La scelta di una messa in scena essenziale, priva di scenografie imponenti e di artifici registici, si rivela vincente: il minimalismo esalta la parola e il gesto, restituendo alla narrazione tutta la sua potenza evocativa. Martelli si muove sul palco con un’energia che sembra inesauribile, alternando registri con una naturalezza sorprendente, dal comico al tragico, dalla farsa alla lirica. Il successo dello spettacolo, con oltre duecento repliche tra Italia ed estero, da Roma a Londra, da Bruxelles a Los Angeles, testimonia la sua straordinaria attualità e la sua capacità di parlare a pubblici diversi senza perdere la propria autenticità. Non è un caso che, a distanza di decenni dalla sua prima rappresentazione, “Mistero Buffo” continui a suscitare entusiasmi, a riempire teatri e a formare nuove generazioni di spettatori. Dario Fo, nella sua motivazione al Premio Nobel, venne celebrato per la capacità di “dileggiare il potere restituendo la dignità agli oppressi”. Oggi, con il lavoro di Matthias Martelli, la tradizione giullaresca non solo trova un degno erede, ma viene rilanciata con una forza rinnovata, capace di restituirle la sua urgenza contemporanea.

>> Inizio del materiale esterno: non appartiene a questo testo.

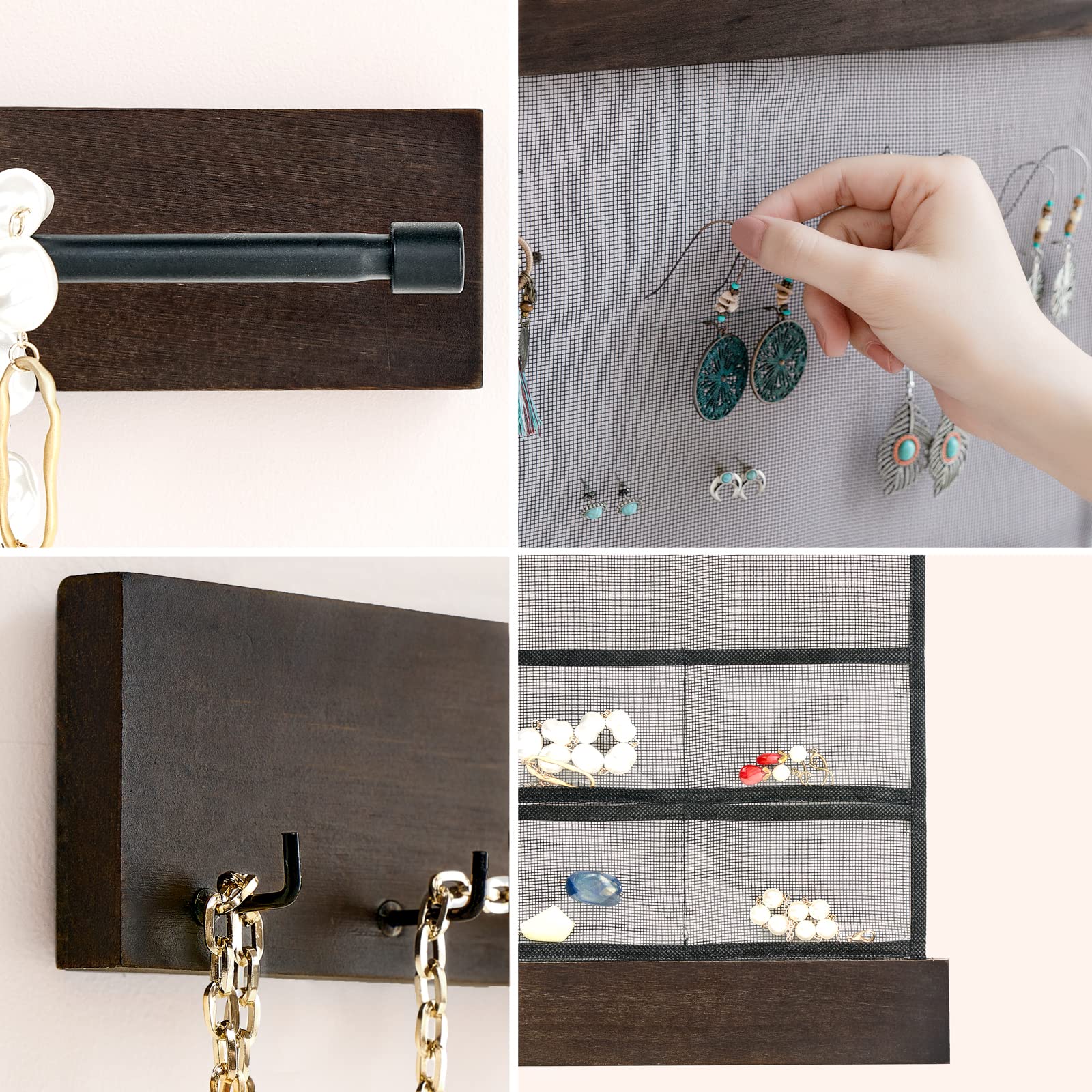 Armario Organizador Joyas Montado Pared Con Espejo Melocotón | Meses Sin Interés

Il teatro, nelle sue mani, si riappropria della sua essenza più autentica: un luogo di libertà, di coscienza critica, di vibrante vitalità espressiva. La risposta del pubblico è stata inequivocabile: un crescendo di risate spontanee, applausi scroscianti e attimi di intensa riflessione hanno accompagnato l’intera rappresentazione, a testimonianza di un’adesione profonda e viscerale. Ma ciò che rende l’arte scenica di Matthias Martelli realmente travolgente è la sua fisicità debordante, la capacità di abitare il palcoscenico con una padronanza assoluta del gesto, della postura, del ritmo corporeo. Il suo è un teatro che si fa carne, muscoli e fiato, in cui il corpo non è solo strumento, ma veicolo pulsante di senso e di energia. Ogni movimento è scolpito nello spazio con un’urgenza espressiva che non conosce risparmio: la voce, il volto, le mani, le gambe si fanno linguaggio, amplificando la parola, traducendola in immagine, caricandola di vibrazione fisica. È un dono generoso, totale, senza mediazioni, che trasforma ogni sua esibizione in un atto teatrale di rara intensità. La sua presenza scenica si fa ponte tra passato e presente, tra tradizione e urgenza contemporanea, restituendo al teatro la sua funzione più autentica: non semplice rappresentazione, ma atto vivo, palpitante, capace di coinvolgere e trasformare chi vi assiste.